Problem requirements: Return, with both end lines included, exactly what the data below holds from the line with "Balmoral Plaza Hotel Pereira Eksteriør bilde" through the line with "Dieu binh quoc khanh 80 18", though not the pictures.

Dataset entries:
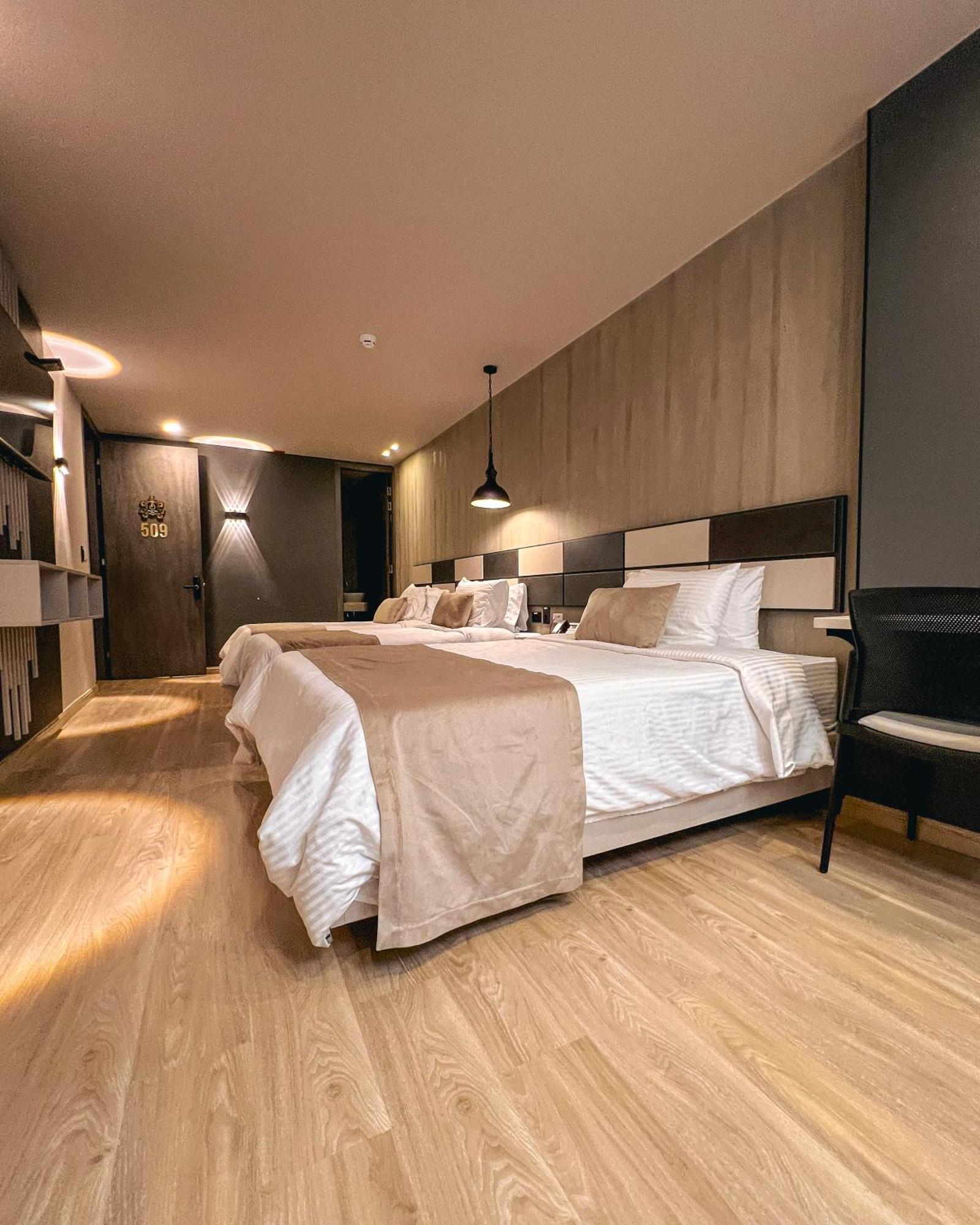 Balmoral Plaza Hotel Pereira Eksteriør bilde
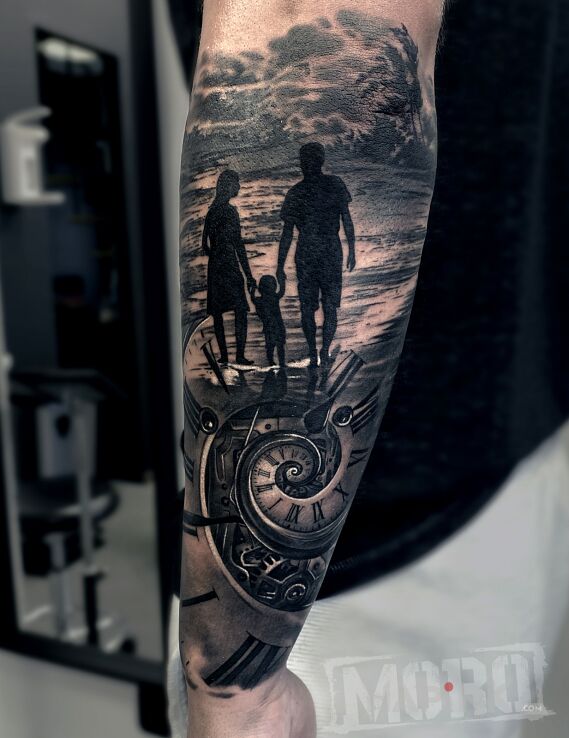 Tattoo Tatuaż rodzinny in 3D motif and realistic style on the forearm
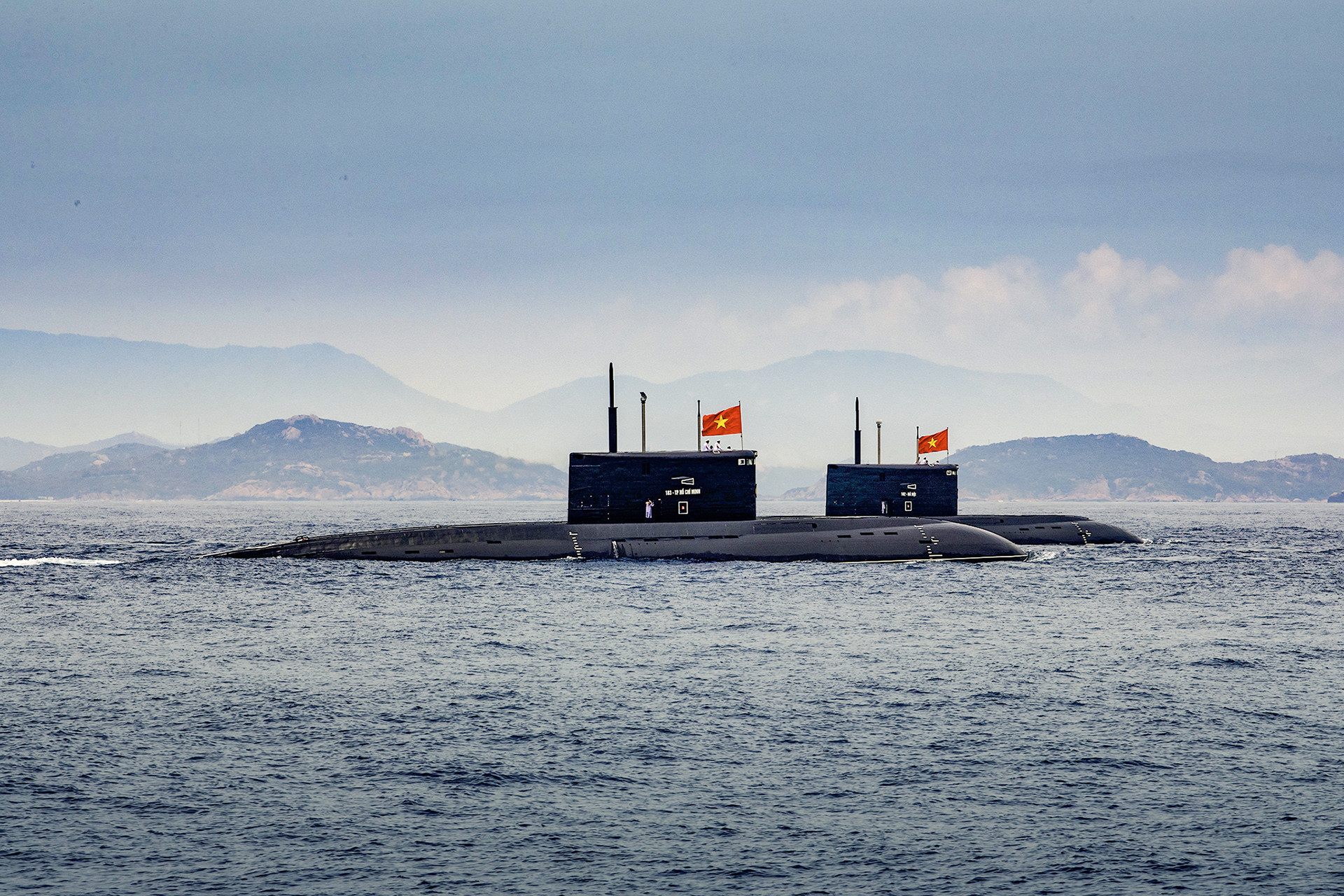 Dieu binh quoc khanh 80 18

* * *

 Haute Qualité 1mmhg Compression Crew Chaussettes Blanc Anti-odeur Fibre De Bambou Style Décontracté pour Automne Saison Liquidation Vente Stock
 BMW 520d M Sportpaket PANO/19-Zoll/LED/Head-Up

* * *

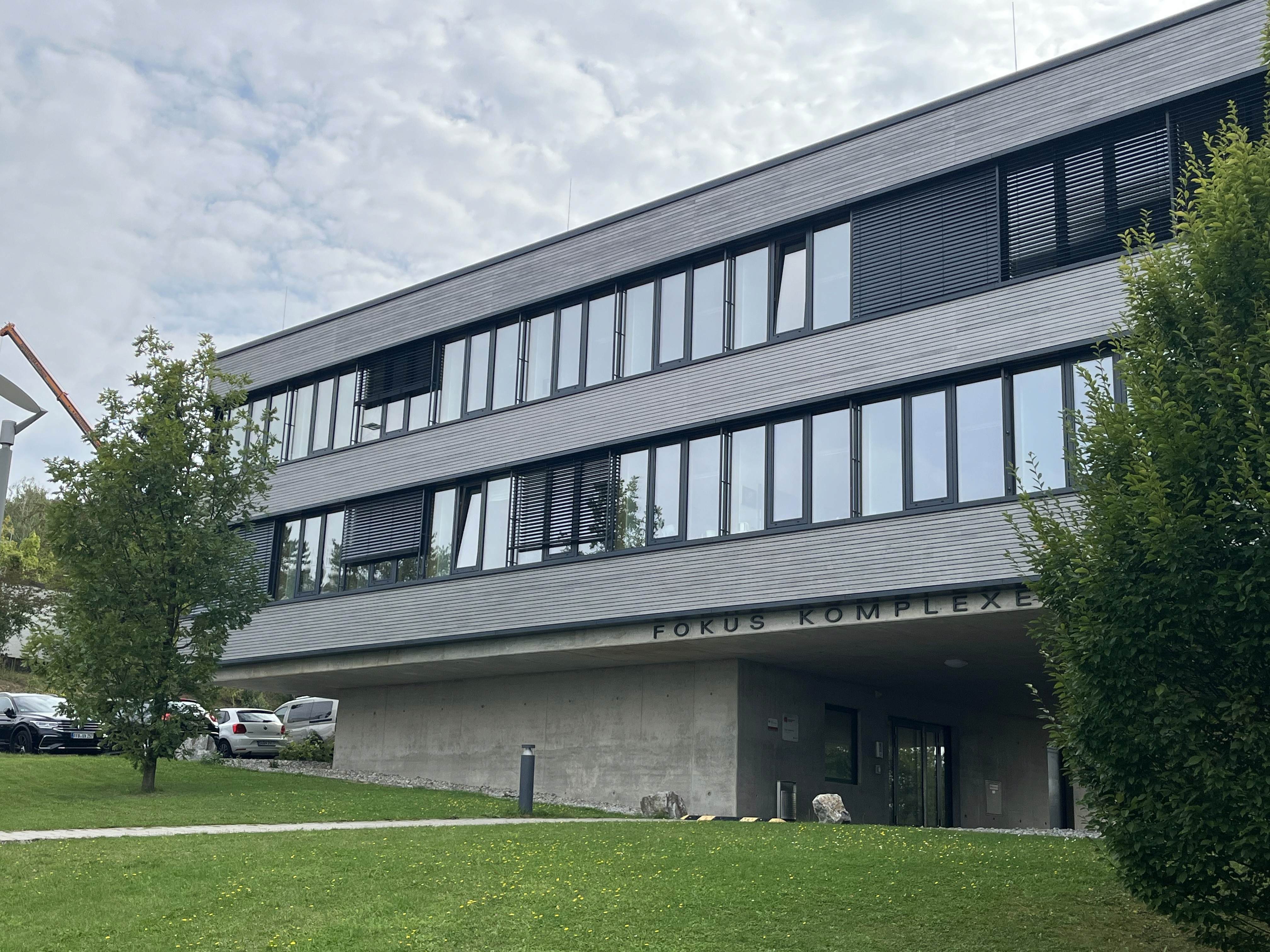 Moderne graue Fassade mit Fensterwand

Solution:
 Balmoral Plaza Hotel Pereira Eksteriør bilde
 Tattoo Tatuaż rodzinny in 3D motif and realistic style on the forearm
 Dieu binh quoc khanh 80 18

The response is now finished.